The private model, however, offers a more customized set-up that is dedicated to a particular business. It’s hosted either on-site or at the provider’s data center and offers the same scale, agility, and other benefits of the public cloud. Although the scalability is not the same as with a public cloud, a private cloud allows for more control and security, which establishes it as an ideal choice for larger enterprises such as banks and financial institutions managing personally identifiable information (PII) including those that fall under certain regulatory standards.

With that being said, let’s take a look at some use cases for each as well as explore hybrid cloud scenarios. 

Use Cases for Public Cloud

With a public cloud, the customer can move the responsibilities of management to the cloud vendor. This movement can result in reduced direct costs, and also gives IT more time to focus on revenue-generating projects such as mobile apps, improved customer portals, and similar work. For some IT professionals, a challenge arises with public clouds because they want them to be integrated into other cloud environments while also running in-house applications.

Consider these use cases for the public cloud:

  • Mobile applications, whether they are serving the needs of internal staff, partners, or customers, the global coverage and speed of public cloud providers can ensure an optimal user experience.
  • Social media content such as data pulled from blogs, forums, or social media sites can be easily offloaded and stored in the cloud.
  • Disaster recovery plans often utilize public clouds. They’re especially suited for backups of the lower priority applications, where they provide an inexpensive option that simply sits idle until it’s called upon.
Use Cases for Private Cloud

Despite some of the challenges and associated costs of the private cloud model, many bigger firms are compelled to choose private due to the security risks of public. The potential damage to a company’s brand and the loss of customer trust after a public cloud breach can exponentially surpass the costs of the private cloud. Here are some typical use cases for a private model:

  • There’s a need for high performance, for example when a company is managing large files such as video content.
  • A company might be managing an application that behaves predictably and requires minimal storage and will be relatively easy and inexpensive to manage within the private cloud.
  • In some instances, an engineering team that is tasked with maintaining an application might not be able to migrate it fast enough and requires managed services with a private cloud vendor.

Implementing a private cloud securely can prove difficult unless you utilize the help of a third-party service. This is where a qualified IT consultancy such as TechBlocks can provide critical guidance on the best practices for implementation, and perhaps discuss the case for a hybrid public-private approach.
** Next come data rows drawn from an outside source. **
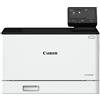 Canon Stampante Laser A Colori i-SENSYS X C1333P 1200x1200 DPI Wi-Fi A4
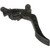 Accelerator Pedal Sensor | BWDPPS1543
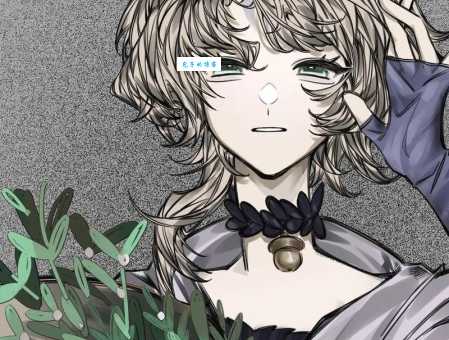 你知道mistletoe什么意思吗？揭秘槲寄生背后的浪漫传说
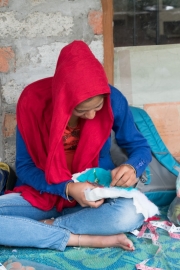 20180228_124313_NIKON D500_DxO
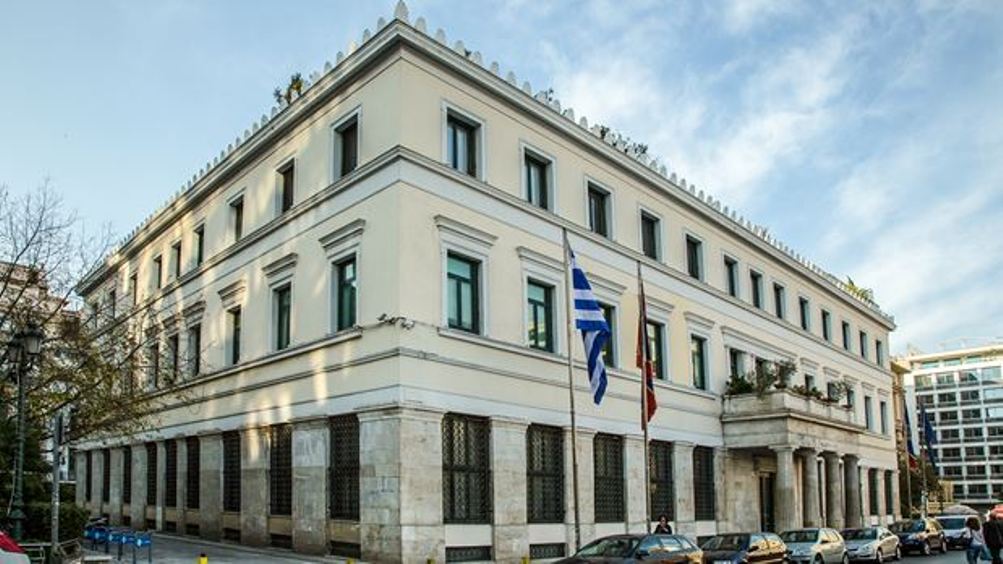 Δήμος Αθηναίων: Σε ηλεκτρονική μορφή τα πέντε πιο δημοφιλή πιστοποιητικά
Hybrid Cloud – The Best of Both Worlds

The hybrid cloud is increasingly the path for organizations that desire a customizable approach with reduced maintenance costs and time. Pursuing a hybrid approach is often the path IT will take to convince upper management that the cloud is safe and a good option for critical data. They can test a tier of data or applications in the public cloud while keeping the bulk of their infrastructure in a private environment. Consider these hybrid cloud use cases:

  • An organization that is tightly constrained by compliance regulations which have stymied previous thoughts about migrating to the cloud. Advances in cloud compliance have greatly improved, and open up hybrid opportunities for companies with even the highest Department of Defense-level security compliance needs.
  • A company experiencing rapid growth might need to scale data resources quickly, but perhaps they don’t have time or money to move their entire application structure to the cloud. The hybrid approach allows them to move certain application tiers to the cloud, so they can scale and grow without implementing a rushed change that might prove unmanageable.